Enter your password and click Sign In. This is the authentication using normal credentials.
You will be prompted to open the Microsoft Authenticator app and respond as shown in the screen shot below. This is because the target user has set up the Microsoft Authenticator app in advance and is set to use this app for multi-factor authentication.
The following notification will be sent to the smartphone running the Microsoft Authenticator app, so tap it.
Do you want to approve the sign-in? Is displayed, tap "Approve".
Now that multi-factor authentication is complete, close the screen below and press Enter on the PuTTY screen to complete the SSH connection.

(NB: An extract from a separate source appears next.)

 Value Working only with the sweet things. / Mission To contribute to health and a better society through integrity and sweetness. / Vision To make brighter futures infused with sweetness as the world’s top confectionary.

This time, in order to SSH connect CentOS on Azure VM using Azure AD user, we will use the method of joining "Managed Domain of Azure AD DS" and the public preview function "Azure Active Directory Authentication". And SSH connection procedure I tried to verify the operation of each of the two types of patterns.
If you've seen both steps, you'll notice that the latter, the public preview feature, is overwhelmingly easier to set up. The reason is that you don't need to prepare an Azure AD DS environment in the first place, and you can complete the work in Cloud Shell (Azure CLI).
On the other hand, there is still a concern that the Azure VM extension "Azure Active Directory Authentication" is not a "public preview" feature, that is, GA (regular version).
At this point, it may be more appropriate to choose to join Azure AD DS in an environment where there is a rule that you should only use the GA version in your production environment.
Although wishful thinking, this public preview feature is very useful not only for Linux OS but also for Windows OS. Since it authenticates using an Azure AD user, you can also request multi-factor authentication as shown, improving authentication security. From this point of view, I don't know when it will be, but I personally think that it is a function that will be GA.
I hope you find this article helpful.